A Blog by Jonathan Low

 

Jul 27, 2019

You Can't Copyright A Cocktail. What's A Creative Bartender To Do?

Just as in the intangibly-driven world of software, scale matters. JL

Nathan Mattise reports in ars technica:

In the modern drinks world, copyright may be the most useless legal tool for enterprising bartenders. In this modern cocktail renaissance, a killer recipe at an influential bar can suddenly show up on menus worldwide with little more than a written credit. The US Copyright Office puts it plainly: "A mere listing of ingredients or contents, or a simple set of directions, is uncopyrightable." As bartenders work their way up from a single recipe or shift work to helping shape an entire bar program—full recipe menus, training materials, and standardized operating procedures—those are where IP law falls on their side.
Anyone who fancies themselves a fan of cocktails knows the names: the Manhattan, Old Fashioned, Martini, Margarita, on and on and on. In the drinks world, such recipes have stood the test of time and grown into industry icons over decades. But unlike similar cultural colossuses elsewhere—from Mickey Mouse on screen or "Hey Jude" in the stereo—you can find the Negroni being deployed freely at virtually every bar in America. What gives?
"Can you copyright and own a recipe? A recipe in the eyes of the law doesn't have that creative spark," says attorney Andrea Mealey, an intellectual property expert who has done legal work for beverage companies like Gosling's Rum. During a panel on IP in the bar industry at the 2019 Tales of the Cocktail (TOTC) conference, she next points at the ceiling in this conference room. "The design of that chandelier—someone had to come up with it. It's creative, and you can own copyright on that design. I can do a slightly different design and own that as well. But a recipe is like a phone book in the eyes of the law—you can't own something so factual."
In the modern drinks world, Mealey not-so-subtly implies copyright may be the most useless legal tool for enterprising bartenders. (You could at least patent some amazing new tool, in theory.) It's a not-so-dirty secret that many have increasingly become aware of in this modern cocktail renaissance, where a killer recipe at an influential bar can suddenly show up on menus worldwide with little more than a written credit.
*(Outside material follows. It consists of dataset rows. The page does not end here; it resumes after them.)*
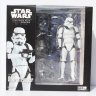 Фигурка Star Wars - Stormtrooper игрушка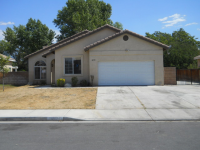 26838 Howard Manor, Hemet, CA 92544 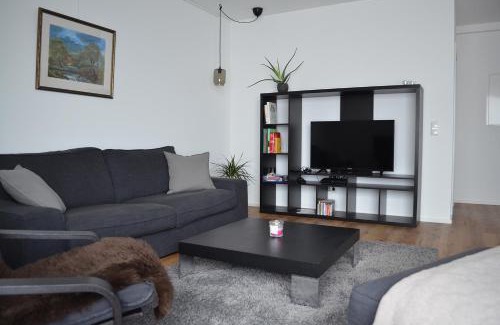 Pfungstadt Apartment | Apartment Pfungstadt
The US Copyright Office puts it plainly: "A mere listing of ingredients or contents, or a simple set of directions, is uncopyrightable.""In no other creative business can you so easily identify money attached to your creative property," bartender Eben Freeman told The Atlantic back at the 2010 TOTC conference. Freeman has been credited as a pioneer of fat-washing, the practice of infusing a spirit with a fat-heavy flavor like bacon, but Bacon Old Fashioneds appear all over without a cent going back to Freeman. "There is an implied commerce to our intellectual property. Yet we have less protection than anyone else."
Luckily, Mealey's panel this week emphasized there is some hope for modern bartenders looking to profit off good imbibing ideas. And while it takes a lot of circumstance and effort to protect the IP of an individual drink, bartenders can think bigger and package a lot of industry know-how together into entities more easily licensed out to others.

Trademarks and tiki

When it comes to drinks, legal muscle has historically stemmed from two entities: trademarks and trade secrets. Brands like TGI Fridays used to trademark drinks to prevent chain competitors from offering the same things, and individual drinks like the Dark 'n' Stormy or the Painkiller (err, Dark 'n' Stormy® and Painkiller®) are trademarked by individual liquor brands. The Bermudan brand Gosling's earned a US trademark on the Dark 'n' Stormy in 1991, and ever since the official recipe has dictated Gosling's brand rum and Gosling's brand ginger beer. (It doesn't specify measurements, notably—"A really weak Dark 'n' Stormy is still a Dark 'n' Stormy," Mealey says.)
The basic logistics for a trademark, however, make this a rare route for success. To start, Gosling's trademark was helped by its use of specifics (Gosling's Rum, Gosling's Ginger Beer) and later strengthened by the brand's ultimate move into offering those as a package: a pre-canned Dark 'n' Stormy.
"It makes sense to people in Washington DC—'This is a drink, we can trademark a drink, Class 32 Beverages, a-ha!,'" Mealey says. "It's a specific kind of rum with a specific ginger beer—this is a Dark 'n' Stormy."
And while applying for a trademark is relatively easy and inexpensive (comparatively for most legal processes), Mealey says the key to maintaining it is showing a willingness to defend that trademark. Gosling's has done just that throughout the years. The rum makers famously took legal action against the second-biggest alcohol company in the world, Pernod Ricard, back in 2015. Pernod had posted a recipe for a Dark 'n' Stormy to its website, but it used Malibu Rum rather than Gosling's. Eventually, Pernod opted to settle and entered into an agreement with Gosling's preventing a future Dark 'n' Stormy storm.
Not every trademark defense ends with legal action, of course. Mealey says she likely gets three notices a week about restaurants or in-flight menus, and often these just spark cease and desist letters. (Gosling's in the past had sent C&D letters even to bloggers.) The trick now, at least from the company's perspective, is striking the right balance between muscle and market opportunities. If a bar pushes Dark 'n' Stormy drinks with the wrong rum, for instance, can a letter encourage them instead to use Gosling's? A new consistent customer represents a better outcome than a legal fight. (Panelist Daniel Eun, an attorney/bartender formerly of PDT, knows that first hand—he helped open a bar called Painkiller in NYC, which quickly heard from Pusser's Rum. Eun's bar eventually became PKNY and certainly opted to carry different rums.)
"If you invest in the brand, you have to enforce it. Otherwise, you'd have it genericize—Band-Aid and Escalator are trademarks," Mealey says (and one of those has descended to the ground floor of generic). "We don't ever want a rum and ginger to be a Dark 'n' Stormy, so we have to keep these third parties at bay in a way that doesn't make you a bully out in the market. Just call it a rum and ginger; it's not a Dark 'n' Stormy unless you're putting our rum in it, which would be fabulous."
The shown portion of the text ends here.